Friday, May 15, 2020

Jane Austen Childhood - Facts about Her Early Life

In novels like 'Sense and Sensitivity,' 'Pride and Prime' and 'Emma,' Jane Austen was a Georgian author. Jane Austen was known for her social commentary.

Jane Austen's comical love novels among the landscape were not widely known in her own period but became very popular in 1869 and her popularity grew in the twentieth century. Her novels – Pride & Pride & Sensibility, Sense & Sensibility – are literary classics that bridge the gap between romance and realism.

Jane Austen Childhood 


Jane Austen was born on 16 December 1775, in Steventon, Hampshire in England; she was the seventh and second daughter of Cassandra and George Austen. The parents of Austen were beloved members of the community. Her dad served for the local Anglican parish as the rector of Oxford. In an environment that stressed learning and creative thought the family was close, the children grew up. When Austen was young, she was encouraged to read from the extensive library of her father with her siblings. The kids have written and performed theaters and plays.

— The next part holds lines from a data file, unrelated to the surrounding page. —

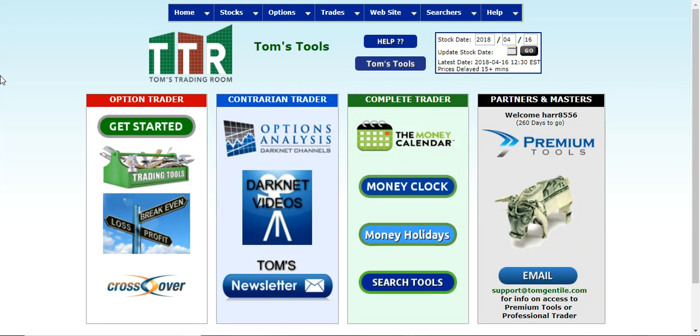Hi everyone, this is Jay Harris coming to you from Tom's Trading Room. What I intend to do in this video presentation is show you how to bring up a chart and then change the customized date range for it.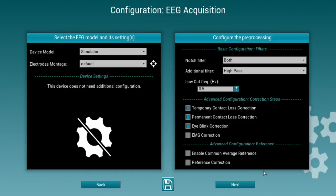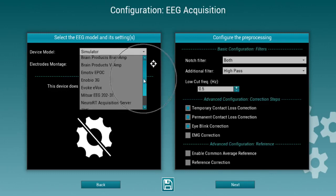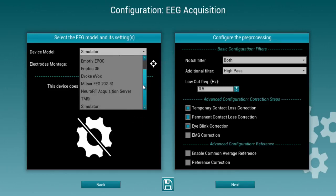Once you've selected the patient, you have to configure the EEG acquisition. In this example, we'll use a simulator where you can choose from a broad range of available EEG amplifiers.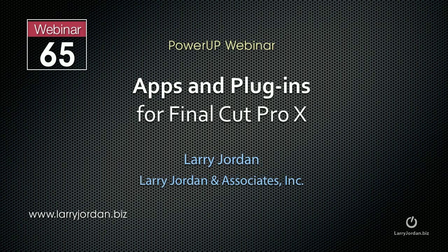Hi, this is Larry Jordan. This is an excerpt of a Power Up webinar entitled Apps and Plugins for Final Cut Pro 10.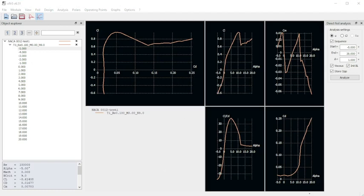As you can see, we've got our coefficient of lift over coefficient of drag, coefficient of lift vs. alpha, coefficient of lift and drag over alpha, and coefficient of drag vs. alpha.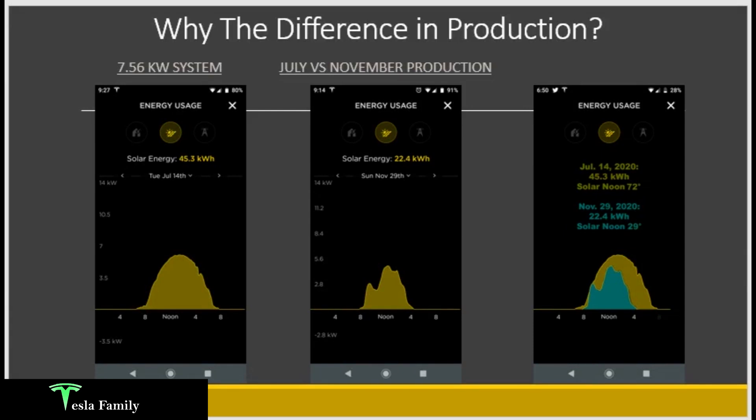Here is the first question: why the difference in production? I've got three snapshots from my Tesla app showing energy usage. The first one on the left from July 14th, 2020 shows a nearly perfect solar production curve, middle of summertime, 45.3 kilowatt hours. Compare that to the more recent November 29th production curve — only 22.4 kilowatt hours. That's a difference of 22.9 kilowatt hours less here in late November than from the middle of July.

Over the course of her life, Austen was closer to her dad and elderly sister, Cassandra. She would one day participate in a published work together with Cassandra.

Austen and Cassandra were sent to boarding classes during their pre-adolescence in order to acquire a more formal education. Austen and her sister caught typhus during that time, with Austen almost succumbing to the disease. They returned home and have lived with the family from this point on after a short period of formal education cut by financial constraints.